(The input)

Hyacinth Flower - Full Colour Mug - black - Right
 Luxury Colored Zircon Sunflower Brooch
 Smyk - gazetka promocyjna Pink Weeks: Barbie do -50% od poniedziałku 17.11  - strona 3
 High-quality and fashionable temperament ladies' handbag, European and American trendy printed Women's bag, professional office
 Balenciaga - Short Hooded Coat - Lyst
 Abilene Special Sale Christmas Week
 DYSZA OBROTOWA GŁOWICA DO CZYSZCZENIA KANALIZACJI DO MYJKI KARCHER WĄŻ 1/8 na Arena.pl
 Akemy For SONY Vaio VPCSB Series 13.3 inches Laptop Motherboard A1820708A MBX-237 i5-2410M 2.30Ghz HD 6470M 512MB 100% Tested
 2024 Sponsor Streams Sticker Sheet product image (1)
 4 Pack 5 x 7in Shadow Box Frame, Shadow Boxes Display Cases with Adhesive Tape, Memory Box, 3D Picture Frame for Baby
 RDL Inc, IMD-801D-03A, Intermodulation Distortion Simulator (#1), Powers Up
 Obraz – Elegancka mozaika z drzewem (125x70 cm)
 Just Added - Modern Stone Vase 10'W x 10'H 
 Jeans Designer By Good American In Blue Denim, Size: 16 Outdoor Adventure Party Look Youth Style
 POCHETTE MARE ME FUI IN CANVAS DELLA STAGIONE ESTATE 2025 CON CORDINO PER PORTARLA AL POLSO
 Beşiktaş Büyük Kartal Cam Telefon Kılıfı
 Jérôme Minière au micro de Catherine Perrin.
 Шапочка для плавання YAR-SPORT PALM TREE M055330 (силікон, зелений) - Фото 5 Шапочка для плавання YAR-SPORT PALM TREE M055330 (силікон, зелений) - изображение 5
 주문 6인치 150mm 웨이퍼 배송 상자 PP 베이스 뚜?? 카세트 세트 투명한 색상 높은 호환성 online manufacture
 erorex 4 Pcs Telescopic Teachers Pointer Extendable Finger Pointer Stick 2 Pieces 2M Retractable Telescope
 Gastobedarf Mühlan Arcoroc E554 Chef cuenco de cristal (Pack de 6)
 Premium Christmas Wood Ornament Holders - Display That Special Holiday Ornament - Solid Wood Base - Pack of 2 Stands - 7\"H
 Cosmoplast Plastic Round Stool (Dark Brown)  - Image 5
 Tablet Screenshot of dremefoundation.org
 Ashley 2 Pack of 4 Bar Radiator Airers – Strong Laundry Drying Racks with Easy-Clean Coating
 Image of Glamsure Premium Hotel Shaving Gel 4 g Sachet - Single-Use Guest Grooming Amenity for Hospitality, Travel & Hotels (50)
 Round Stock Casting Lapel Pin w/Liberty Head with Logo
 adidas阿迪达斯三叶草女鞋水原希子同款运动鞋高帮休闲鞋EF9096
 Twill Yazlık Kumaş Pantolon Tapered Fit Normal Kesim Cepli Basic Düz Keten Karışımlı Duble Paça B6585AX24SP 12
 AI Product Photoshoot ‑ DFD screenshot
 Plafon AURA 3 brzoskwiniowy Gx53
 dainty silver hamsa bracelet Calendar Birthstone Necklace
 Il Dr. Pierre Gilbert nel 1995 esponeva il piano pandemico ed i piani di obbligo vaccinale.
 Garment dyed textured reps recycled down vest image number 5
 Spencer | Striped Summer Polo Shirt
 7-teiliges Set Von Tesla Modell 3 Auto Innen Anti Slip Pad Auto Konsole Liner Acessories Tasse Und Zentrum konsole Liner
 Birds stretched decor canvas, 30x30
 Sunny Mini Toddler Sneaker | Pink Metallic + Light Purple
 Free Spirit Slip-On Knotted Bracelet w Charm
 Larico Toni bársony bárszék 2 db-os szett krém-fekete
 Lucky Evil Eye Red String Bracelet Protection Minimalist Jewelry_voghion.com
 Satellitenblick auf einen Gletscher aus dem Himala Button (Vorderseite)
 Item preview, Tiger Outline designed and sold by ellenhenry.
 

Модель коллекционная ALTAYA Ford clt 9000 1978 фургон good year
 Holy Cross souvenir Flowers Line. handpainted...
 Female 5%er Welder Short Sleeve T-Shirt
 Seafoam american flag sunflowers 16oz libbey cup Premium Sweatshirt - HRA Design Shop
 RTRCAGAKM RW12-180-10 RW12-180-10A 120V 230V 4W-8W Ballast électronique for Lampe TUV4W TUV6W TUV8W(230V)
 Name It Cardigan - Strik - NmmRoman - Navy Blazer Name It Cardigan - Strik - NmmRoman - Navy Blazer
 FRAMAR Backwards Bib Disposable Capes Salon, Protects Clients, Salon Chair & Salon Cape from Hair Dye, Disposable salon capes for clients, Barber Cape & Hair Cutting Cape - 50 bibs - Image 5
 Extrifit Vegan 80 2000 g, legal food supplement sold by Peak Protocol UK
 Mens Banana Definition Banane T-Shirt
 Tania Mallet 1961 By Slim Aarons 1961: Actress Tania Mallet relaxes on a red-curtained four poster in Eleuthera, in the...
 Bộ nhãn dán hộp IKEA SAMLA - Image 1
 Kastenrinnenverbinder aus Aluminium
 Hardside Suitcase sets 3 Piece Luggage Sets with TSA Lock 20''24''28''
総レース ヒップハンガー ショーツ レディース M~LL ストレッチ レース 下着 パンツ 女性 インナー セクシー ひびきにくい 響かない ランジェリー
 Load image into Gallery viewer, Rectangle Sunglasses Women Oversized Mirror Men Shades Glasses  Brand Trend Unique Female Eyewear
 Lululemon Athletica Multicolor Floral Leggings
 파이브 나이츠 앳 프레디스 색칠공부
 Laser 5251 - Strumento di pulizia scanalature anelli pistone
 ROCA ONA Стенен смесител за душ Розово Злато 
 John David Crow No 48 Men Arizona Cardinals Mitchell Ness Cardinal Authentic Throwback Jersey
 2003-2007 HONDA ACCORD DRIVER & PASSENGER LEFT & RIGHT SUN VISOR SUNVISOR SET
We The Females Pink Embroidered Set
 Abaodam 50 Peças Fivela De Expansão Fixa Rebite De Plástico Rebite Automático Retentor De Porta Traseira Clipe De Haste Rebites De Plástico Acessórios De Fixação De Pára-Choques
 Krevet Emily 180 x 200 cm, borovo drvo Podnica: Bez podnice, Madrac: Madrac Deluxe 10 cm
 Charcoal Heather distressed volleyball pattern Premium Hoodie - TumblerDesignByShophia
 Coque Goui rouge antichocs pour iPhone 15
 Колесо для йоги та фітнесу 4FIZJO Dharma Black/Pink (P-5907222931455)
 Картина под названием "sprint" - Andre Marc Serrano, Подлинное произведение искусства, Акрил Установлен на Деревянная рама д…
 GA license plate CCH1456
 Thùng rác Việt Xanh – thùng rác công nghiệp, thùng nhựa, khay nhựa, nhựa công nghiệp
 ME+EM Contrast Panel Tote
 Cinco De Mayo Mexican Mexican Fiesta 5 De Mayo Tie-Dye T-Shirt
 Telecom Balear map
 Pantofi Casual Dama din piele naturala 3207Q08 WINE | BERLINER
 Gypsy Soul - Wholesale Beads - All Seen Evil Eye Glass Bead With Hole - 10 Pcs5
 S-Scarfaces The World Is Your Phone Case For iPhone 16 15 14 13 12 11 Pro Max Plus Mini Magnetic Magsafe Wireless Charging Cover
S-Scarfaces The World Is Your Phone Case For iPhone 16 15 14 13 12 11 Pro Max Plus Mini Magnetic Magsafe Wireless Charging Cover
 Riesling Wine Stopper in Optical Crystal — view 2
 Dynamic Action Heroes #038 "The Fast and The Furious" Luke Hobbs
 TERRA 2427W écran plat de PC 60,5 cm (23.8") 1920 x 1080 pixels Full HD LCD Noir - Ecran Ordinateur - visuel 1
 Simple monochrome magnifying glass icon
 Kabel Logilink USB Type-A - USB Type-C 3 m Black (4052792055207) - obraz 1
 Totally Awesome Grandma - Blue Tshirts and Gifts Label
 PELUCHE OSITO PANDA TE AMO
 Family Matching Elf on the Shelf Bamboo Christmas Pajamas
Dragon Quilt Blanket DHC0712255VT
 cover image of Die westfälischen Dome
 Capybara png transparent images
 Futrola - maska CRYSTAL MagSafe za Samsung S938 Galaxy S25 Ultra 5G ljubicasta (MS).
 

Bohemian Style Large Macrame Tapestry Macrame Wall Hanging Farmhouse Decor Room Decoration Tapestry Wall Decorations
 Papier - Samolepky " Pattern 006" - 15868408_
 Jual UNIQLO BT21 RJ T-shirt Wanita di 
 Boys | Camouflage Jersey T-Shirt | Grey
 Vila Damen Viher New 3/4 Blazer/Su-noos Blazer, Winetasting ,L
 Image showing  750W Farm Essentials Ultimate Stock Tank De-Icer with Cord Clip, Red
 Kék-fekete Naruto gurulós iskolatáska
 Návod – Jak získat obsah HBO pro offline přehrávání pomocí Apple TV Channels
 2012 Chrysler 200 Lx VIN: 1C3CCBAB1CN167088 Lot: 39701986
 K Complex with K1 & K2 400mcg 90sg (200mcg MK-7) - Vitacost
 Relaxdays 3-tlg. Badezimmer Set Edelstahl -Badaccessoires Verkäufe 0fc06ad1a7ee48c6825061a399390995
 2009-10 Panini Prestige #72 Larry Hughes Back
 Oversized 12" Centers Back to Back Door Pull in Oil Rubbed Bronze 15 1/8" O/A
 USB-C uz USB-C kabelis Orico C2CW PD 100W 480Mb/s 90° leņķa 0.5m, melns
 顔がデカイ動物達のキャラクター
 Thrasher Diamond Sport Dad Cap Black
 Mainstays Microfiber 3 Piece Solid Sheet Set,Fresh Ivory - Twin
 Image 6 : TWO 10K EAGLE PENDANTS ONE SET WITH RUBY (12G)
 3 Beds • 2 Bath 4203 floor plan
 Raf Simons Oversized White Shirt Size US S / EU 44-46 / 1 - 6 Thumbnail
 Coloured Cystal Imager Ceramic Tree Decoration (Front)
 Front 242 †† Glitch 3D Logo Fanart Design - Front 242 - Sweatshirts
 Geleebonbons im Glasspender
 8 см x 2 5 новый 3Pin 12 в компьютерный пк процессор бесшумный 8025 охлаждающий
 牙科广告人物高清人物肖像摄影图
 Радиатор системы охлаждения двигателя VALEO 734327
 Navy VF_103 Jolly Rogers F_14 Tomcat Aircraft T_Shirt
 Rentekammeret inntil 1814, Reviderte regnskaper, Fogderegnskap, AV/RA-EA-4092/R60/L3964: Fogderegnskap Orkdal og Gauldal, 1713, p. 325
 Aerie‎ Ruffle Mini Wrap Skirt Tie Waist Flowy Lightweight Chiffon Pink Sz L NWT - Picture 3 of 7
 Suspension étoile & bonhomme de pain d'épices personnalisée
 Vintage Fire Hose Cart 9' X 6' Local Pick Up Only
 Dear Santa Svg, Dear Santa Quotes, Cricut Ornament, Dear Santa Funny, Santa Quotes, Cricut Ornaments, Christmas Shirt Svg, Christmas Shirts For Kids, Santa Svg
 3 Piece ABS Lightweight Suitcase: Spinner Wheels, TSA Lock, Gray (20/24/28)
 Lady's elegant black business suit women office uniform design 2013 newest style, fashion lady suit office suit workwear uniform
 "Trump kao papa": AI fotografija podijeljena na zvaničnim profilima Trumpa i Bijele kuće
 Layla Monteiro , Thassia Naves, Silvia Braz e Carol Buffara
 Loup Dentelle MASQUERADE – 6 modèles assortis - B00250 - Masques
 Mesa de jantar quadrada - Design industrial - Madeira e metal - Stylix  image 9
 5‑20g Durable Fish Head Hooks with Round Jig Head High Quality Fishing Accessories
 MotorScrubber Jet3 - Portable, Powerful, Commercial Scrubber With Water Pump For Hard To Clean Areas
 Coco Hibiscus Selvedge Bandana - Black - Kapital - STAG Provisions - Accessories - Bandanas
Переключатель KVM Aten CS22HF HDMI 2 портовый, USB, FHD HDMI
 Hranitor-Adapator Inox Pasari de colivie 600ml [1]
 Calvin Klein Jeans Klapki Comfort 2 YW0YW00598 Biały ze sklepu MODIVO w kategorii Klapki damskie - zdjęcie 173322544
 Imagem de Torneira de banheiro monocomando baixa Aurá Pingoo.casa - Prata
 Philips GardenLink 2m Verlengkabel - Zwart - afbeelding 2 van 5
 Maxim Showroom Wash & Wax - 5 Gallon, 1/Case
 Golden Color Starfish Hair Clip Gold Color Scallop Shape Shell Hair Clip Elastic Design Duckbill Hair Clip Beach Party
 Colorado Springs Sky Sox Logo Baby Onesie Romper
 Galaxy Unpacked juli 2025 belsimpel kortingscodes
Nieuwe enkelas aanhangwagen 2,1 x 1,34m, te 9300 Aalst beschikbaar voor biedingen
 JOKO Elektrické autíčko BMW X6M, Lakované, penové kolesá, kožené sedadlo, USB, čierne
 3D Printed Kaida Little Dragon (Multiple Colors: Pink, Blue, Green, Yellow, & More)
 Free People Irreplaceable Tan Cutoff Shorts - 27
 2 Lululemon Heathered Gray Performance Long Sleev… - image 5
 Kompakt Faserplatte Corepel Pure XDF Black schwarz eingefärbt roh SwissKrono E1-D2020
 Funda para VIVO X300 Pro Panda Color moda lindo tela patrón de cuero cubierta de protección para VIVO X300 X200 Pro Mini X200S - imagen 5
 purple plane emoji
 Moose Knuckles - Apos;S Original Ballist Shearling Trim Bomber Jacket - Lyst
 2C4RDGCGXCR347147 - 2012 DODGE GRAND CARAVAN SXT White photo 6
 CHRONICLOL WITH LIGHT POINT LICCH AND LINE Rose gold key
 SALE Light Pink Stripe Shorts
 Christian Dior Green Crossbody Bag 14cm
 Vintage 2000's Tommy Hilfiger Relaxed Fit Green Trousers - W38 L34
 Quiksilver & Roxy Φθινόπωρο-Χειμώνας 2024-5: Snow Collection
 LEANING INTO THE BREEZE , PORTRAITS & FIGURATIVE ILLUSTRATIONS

(End The input)

Would you filter the entries above and keep each line that has the word "Magnetic"?

 S-Scarfaces The World Is Your Phone Case For iPhone 16 15 14 13 12 11 Pro Max Plus Mini Magnetic Magsafe Wireless Charging Cover
S-Scarfaces The World Is Your Phone Case For iPhone 16 15 14 13 12 11 Pro Max Plus Mini Magnetic Magsafe Wireless Charging Cover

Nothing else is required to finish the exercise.